Constituency details
- Country: India
- Region: East India
- State: Odisha
- Division: Northern Division
- District: Angul
- Lok Sabha constituency: Dhenkanal
- Established: 1951
- Total electors: 2,15,625
- Reservation: None

Member of Legislative Assembly
- 17th Odisha Legislative Assembly
- Incumbent Pratap Chandra Pradhan
- Party: Bharatiya Janata Party
- Elected year: 2024

= Angul Assembly constituency =

Constituency of the Odisha legislative assembly in India

Angul is a Vidhan Sabha constituency of Angul district, Odisha, India.

== Constituent Areas ==

Sources:
- Angul
- Nalconagar
- 23 GPs of Angul block: Khalari, Kangulabentapur, Angar Bandha, Badakera, Rantalei, Chheliapada, Baluakata, Kumurisingha, Inkarbandha, Sankhapur, Pokatunga, Talagarh, Baragounia, Basala, Bedasasan, Khinda, Gadatarasa, Badakantakul, Dhokuta, Balasingha, Bantala, Nandapur and Balanga
- 13 GPs of Banarpal block: Bauligad, Bhogabereni, Bonda, Budhapank, Fulpada, Garhasantri, Gotamara, Balaramprasad, Kulad, Mahidharpur, Nuahata, Talmul and Tulasipal.

==Elected members==

Since its formation in 1951, 17 elections were held till date. It was a 2 member constituency for 1952 & 1957.

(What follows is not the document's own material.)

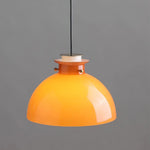Load image into Gallery viewer, Glebe Glossy Glass Dome Pendant Lamp – Industrial Orange Hanging Light for Kitchen and Dining Room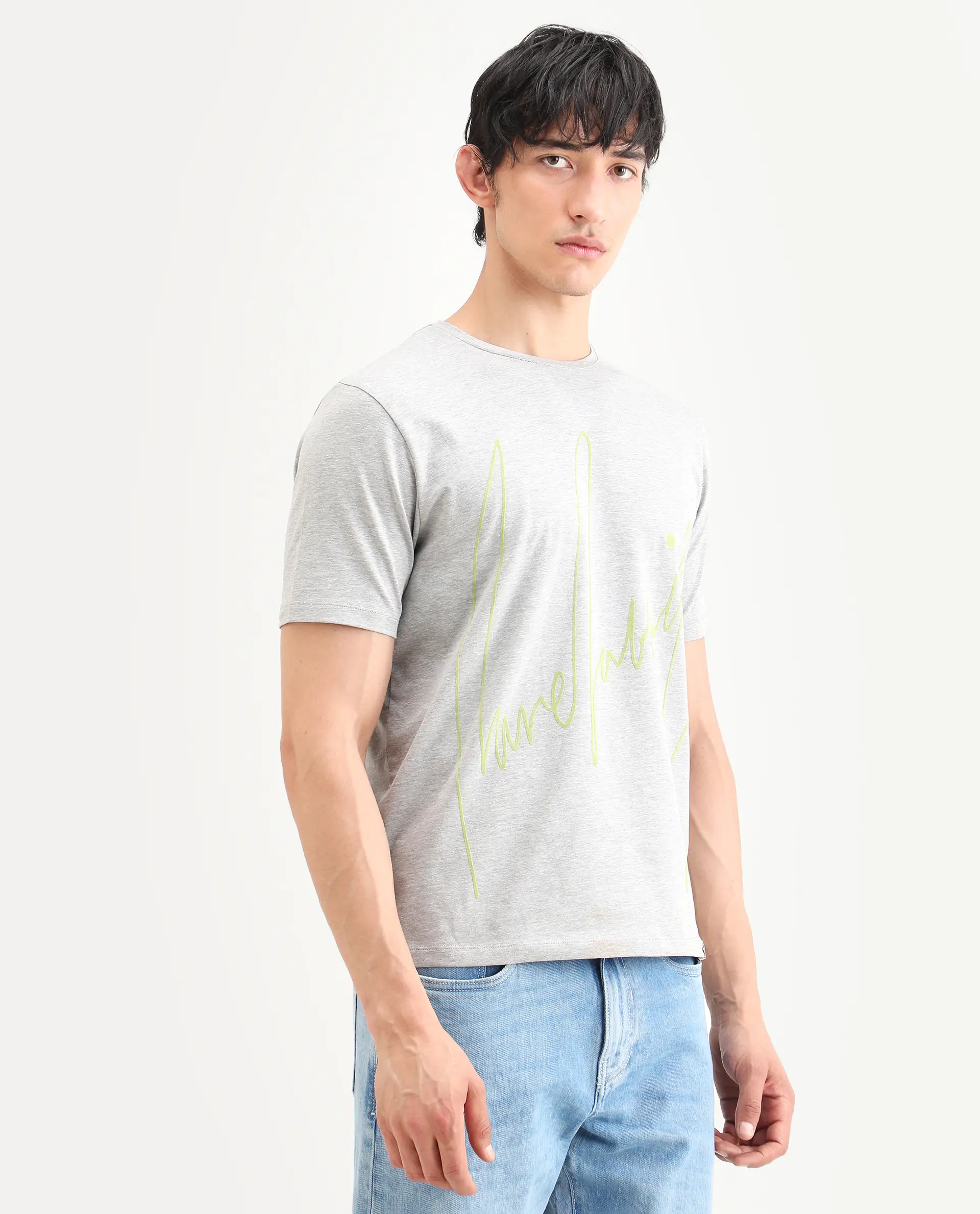 Rare Rabbit Men's Berg-S26 Melange Grey Cotton Blend Fabric Half Sleeve Crew Neck Regular Fit Printed T-Shirt - Image 5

List of members elected from Angul constituency are:

| Year | Member | Party |  |
| 2024 | Pratap Chandra Pradhan |  | Bharatiya Janata Party |
| 2019 | Rajani Kant Singh |  | Biju Janata Dal |
2014
2009
2004
| 2000 | Adwait Prasad Singh |
| 1995 | Ramesh Jena |  | Indian National Congress |
| 1990 | Adwait Prasad Singh |  | Janata Dal |
| 1985 | Prafulla Misra |  | Indian National Congress |
| 1980 | Santosh Kumar Pradhan |  | Indian National Congress (I) |
| 1977 | Adwait Prasad Singh |  | Janata Party |
| 1974 |  | Utkal Congress |
| 1971 | Debaraja Sahu |
| 1967 | Kumuda Chandra Singh |  | Orissa Jana Congress |
1961
| 1957 | Narendra Kumar Nayak |  | Communist Party of India |
| Kumuda Chandra Singh |  | Independent politician |
| 1951 | Arkhit Naik |  | Indian National Congress |
Hrushikesh Tripathy

== Election Result ==

=== 2024 ===
Voting were held on 25th May 2024 in 3rd phase of Odisha Assembly Election & 6th phase of Indian General Election. Counting of votes was on 4th June 2024. In 2024 election, Bharatiya Janata Party candidate Pratap Chandra Pradhan defeated Biju Janata Dal candidate Sanjukta Singh by a margin of 17,433 votes.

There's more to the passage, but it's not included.